Up Front

Does Moving Across International Borders Boost Migrants’ Incomes, Happiness and Freedom Satisfaction?

Milena Nikolova and Carol Graham

The recent economic crisis and subsequent lagging economic recovery have renewed the immigration debate in the United States and beyond. However, while the effect of migration on the well-being of native populations is important, so is the question of how migrants fare once they reach their destination countries.

Citizens of destination economies often argue that there are potential costs of migration for them, ranging from increasing strains on welfare systems to threats to the jobs of natives to the difficulties of assimilation. Despite these fears, on balance, migration’s benefits for the these destination economies outweigh the costs: Immigrants are net contributors to public coffers, and complementarities between low-skilled immigrants and natives exist—particularly when new migrants take low-skilled jobs that native workers eschew.  

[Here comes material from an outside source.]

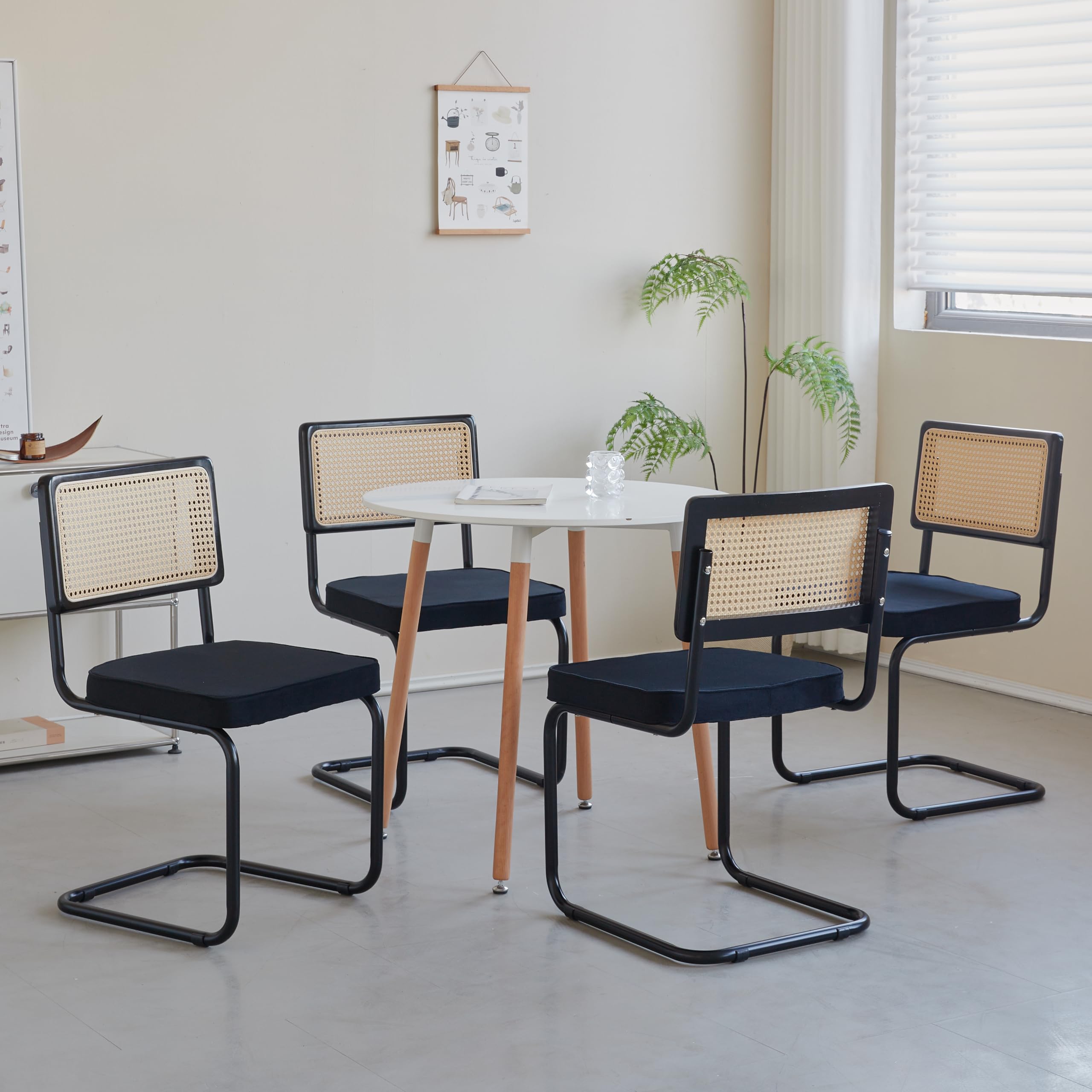 GrandCA HOME Pack de 4 Sillas de Comedor con Respaldo de Caña Natural y Base de Acero Metálico, Sillas de Cocina Tapizadas de Ratán,Negro-1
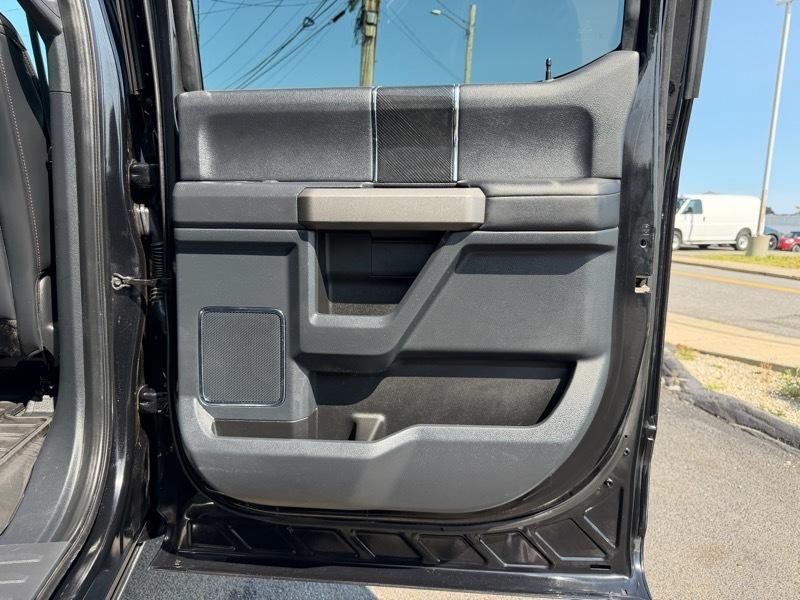 Ford F-350 SD Platinum Crew Cab 4WD 2022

But what about the welfare of the migrants themselves once they have reached their new homes? This is an important issue, largely due to the sheer magnitude of migration stocks: About 232 million people lived outside their country of birth in 2013.

Most migrants move across international borders to maximize their earnings and to gain opportunities, and most do make significant income gains. Whether these earnings gains are mirrored by improvements in reported well-being and broader quality of life is still largely an open question, however.

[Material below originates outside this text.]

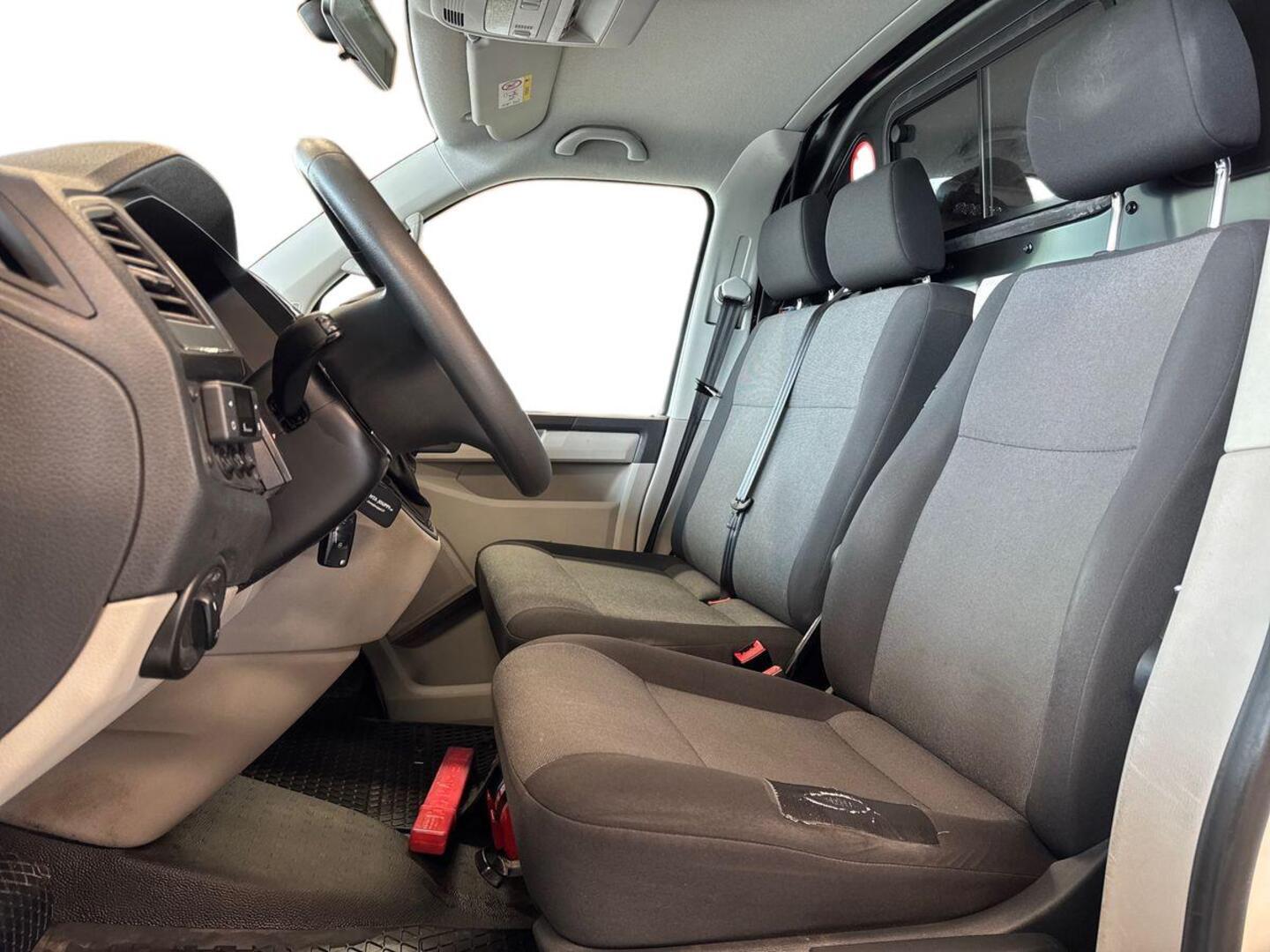VOLKSWAGEN Transporter 7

Higher levels of immigrant well-being can be instrumentally important for social outcomes such as public health and productivity, as happier individuals are typically more productive and healthier.  Immigrant dissatisfaction may reflect social exclusion and a lack of assimilation, and even extremist attitudes among natives, all of which can result in social unrest and lower economic output. From the point of view of the home countries, emigrant well-being is important as migrants send remittances and contribute to the well-being of their home countries through investments, the spread of ideas and technology.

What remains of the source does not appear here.